Exercise prompt -
Please restate every line below exactly, without any pictures.
Start of Source records
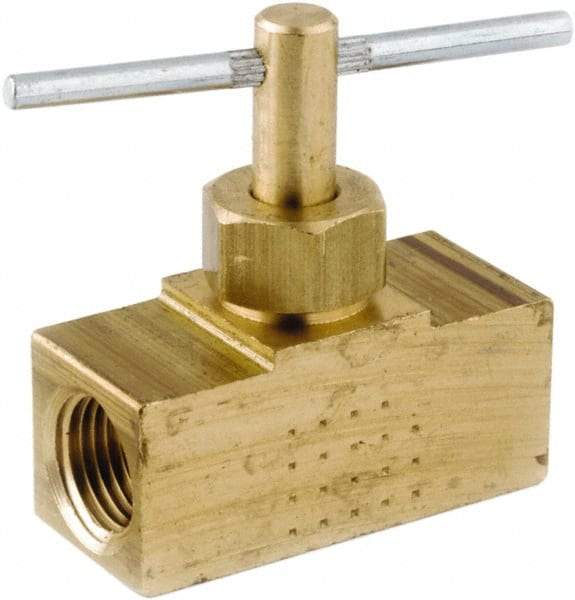ANDERSON METALS - 1/4" Pipe, Inline Metal Seat Needle Valve - Brass Seal, Female x Female Ends, Lead Free Brass Valve, 150 Max psi - Eagle Tool & Supply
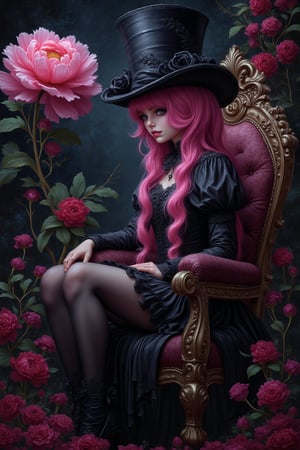 Gothic whimsical illustration, fairy with pink hair sitting on ornate chair beside tall pink peony, large black top hat, gothic maiden style with black stripes, air of evil intent, realistic and vibrant, inspired by James Sessions and Nicoletta Ceccoli, oil painting format, dark gothic pattern background, detailed composition, dynamic lighting, focused on fairy's mysterious pose, immersive environment blending fantasy and gothic elements.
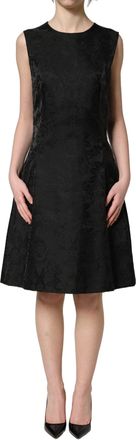 Dolce & Gabbana Womens Black Floral Jacquard Sleeveless A-Line Dress Nylon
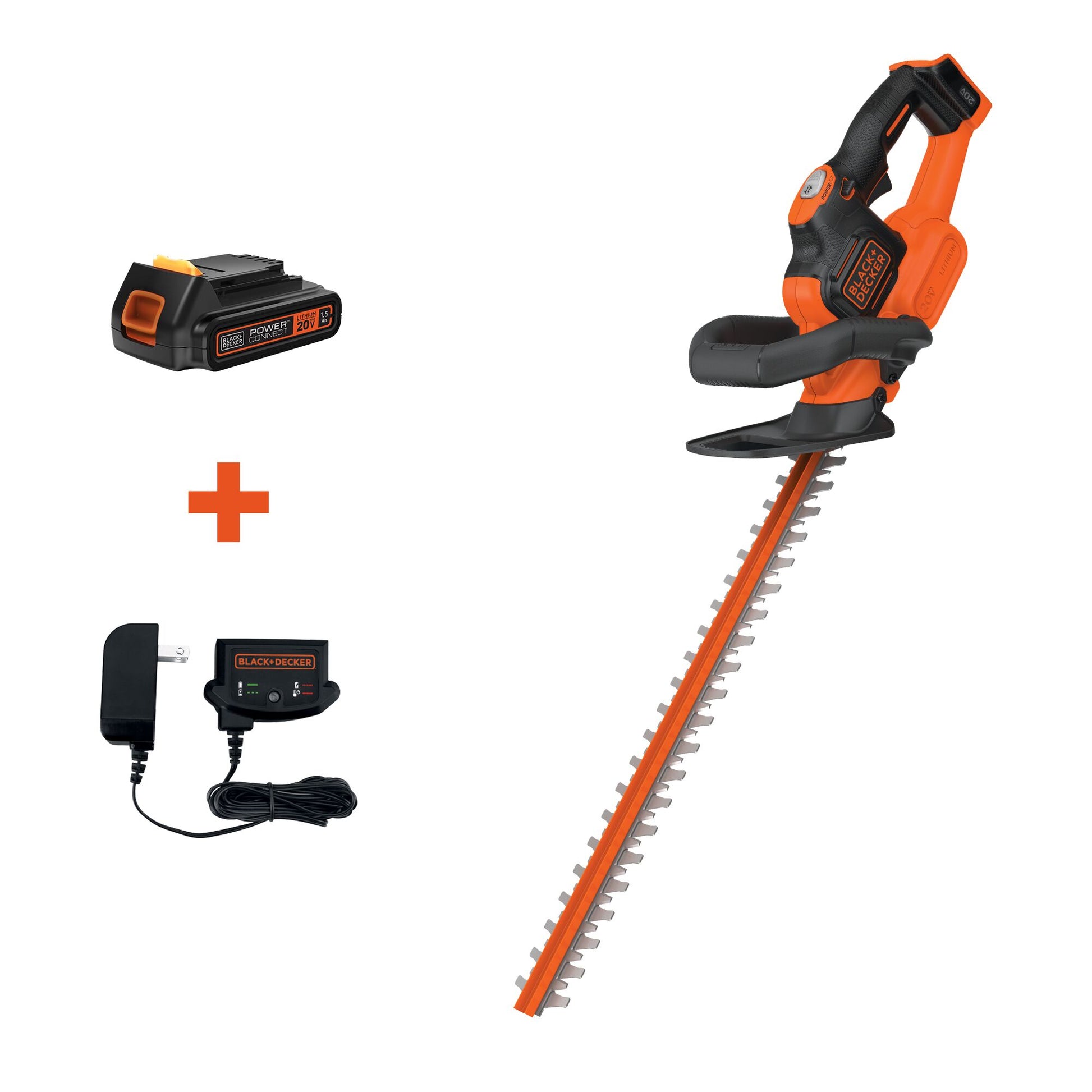 BLACK+DECKER POWERCUT 20-volt Max 22-in Battery Hedge Trimmer 1.5 Ah (Battery and Charger Included) LHT321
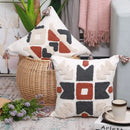 Boho style embroidered pillow cover cream & rust living room decor by Decorbites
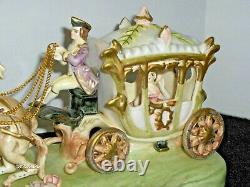 Vintage Porcelain Victorian Capodimonte Type Cinderella Horse Drawn Carriage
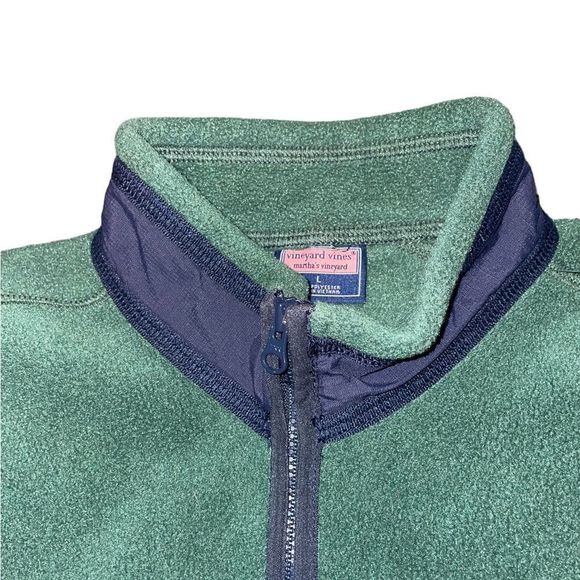 Vineyard Vines Green Fleece Full Zip Coat Jacket Size Large - Picture 3 of 9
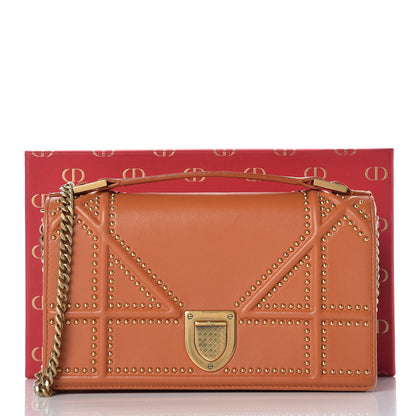 Christian Dior Calfskin Studded Diorama Top Handle Wallet on Chain Pouch Orange 14 of 14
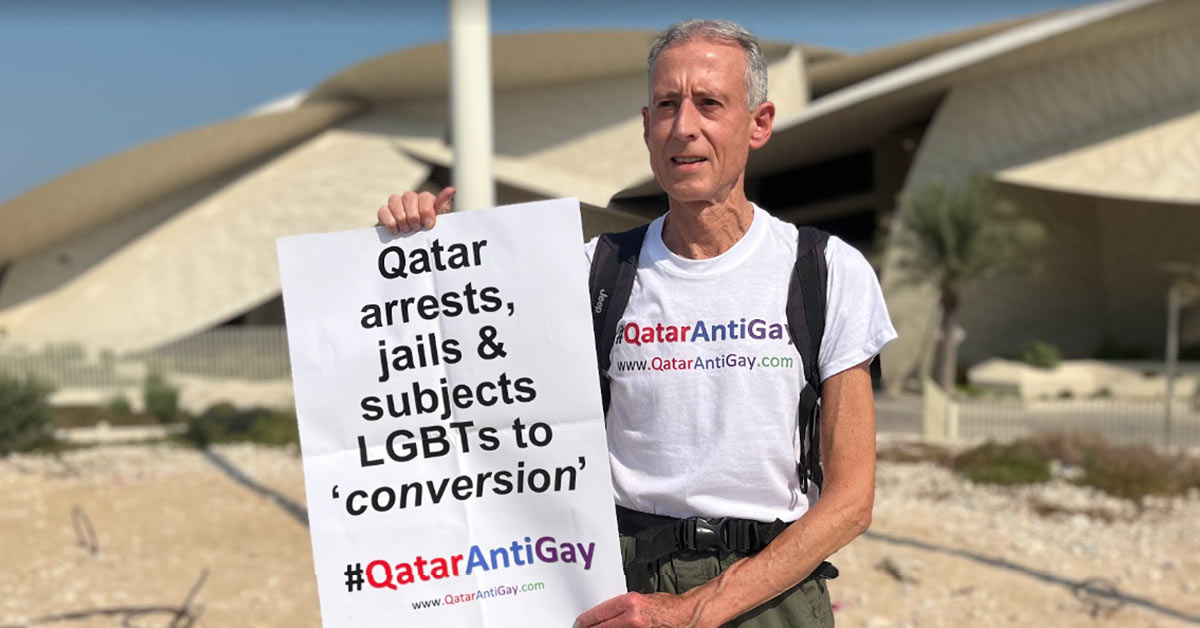 Peter Tatchell was arrested in Qatar on Tuesday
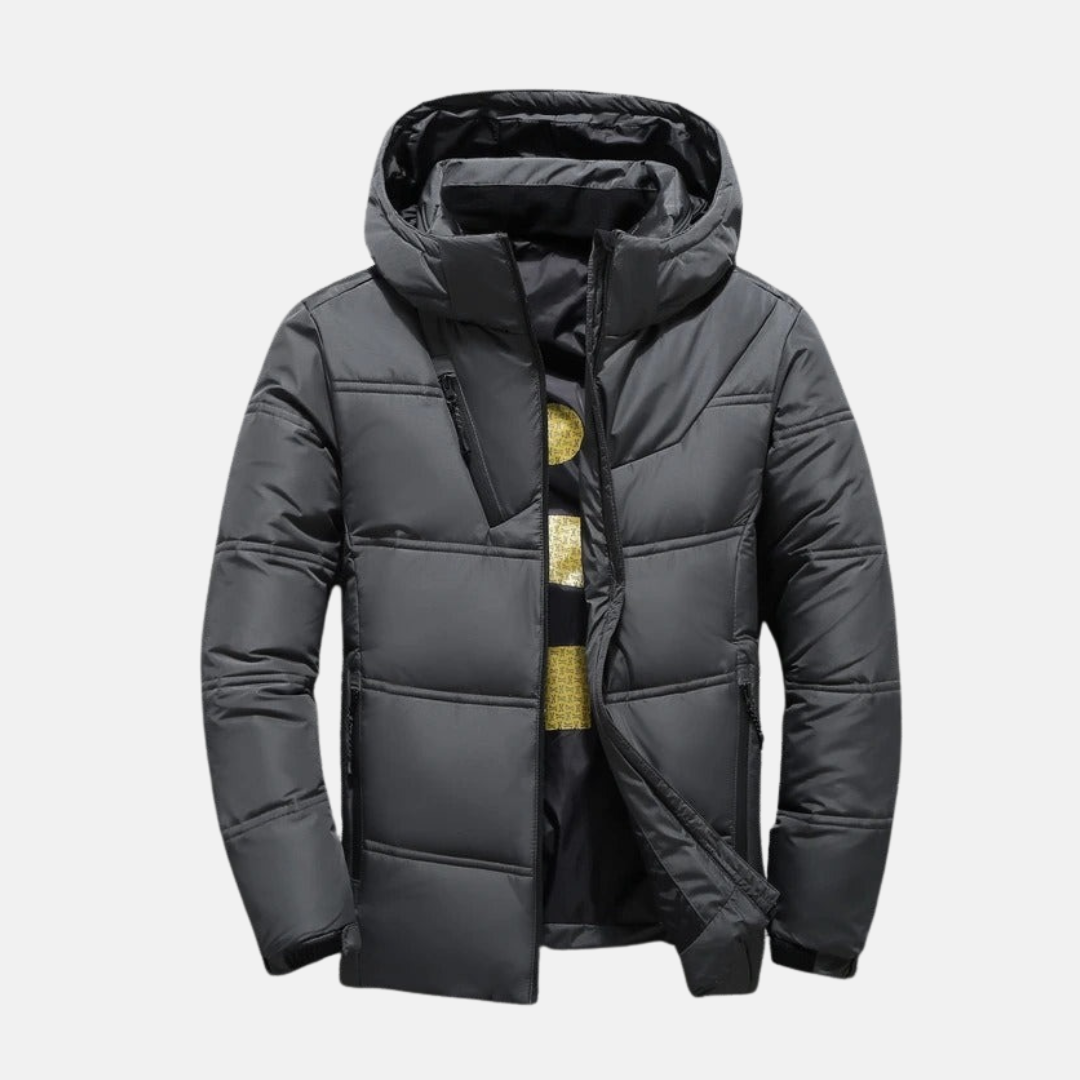 Men's black quilted hooded puffer jacket hip-length casual coat with zipper pockets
End of Source records
Response to the task -
ANDERSON METALS - 1/4" Pipe, Inline Metal Seat Needle Valve - Brass Seal, Female x Female Ends, Lead Free Brass Valve, 150 Max psi - Eagle Tool & Supply
 Gothic whimsical illustration, fairy with pink hair sitting on ornate chair beside tall pink peony, large black top hat, gothic maiden style with black stripes, air of evil intent, realistic and vibrant, inspired by James Sessions and Nicoletta Ceccoli, oil painting format, dark gothic pattern background, detailed composition, dynamic lighting, focused on fairy's mysterious pose, immersive environment blending fantasy and gothic elements.
 Dolce & Gabbana Womens Black Floral Jacquard Sleeveless A-Line Dress Nylon
 BLACK+DECKER POWERCUT 20-volt Max 22-in Battery Hedge Trimmer 1.5 Ah (Battery and Charger Included) LHT321
 Boho style embroidered pillow cover cream & rust living room decor by Decorbites
 Vintage Porcelain Victorian Capodimonte Type Cinderella Horse Drawn Carriage
 Vineyard Vines Green Fleece Full Zip Coat Jacket Size Large - Picture 3 of 9
 Christian Dior Calfskin Studded Diorama Top Handle Wallet on Chain Pouch Orange 14 of 14
 Peter Tatchell was arrested in Qatar on Tuesday
 Men's black quilted hooded puffer jacket hip-length casual coat with zipper pockets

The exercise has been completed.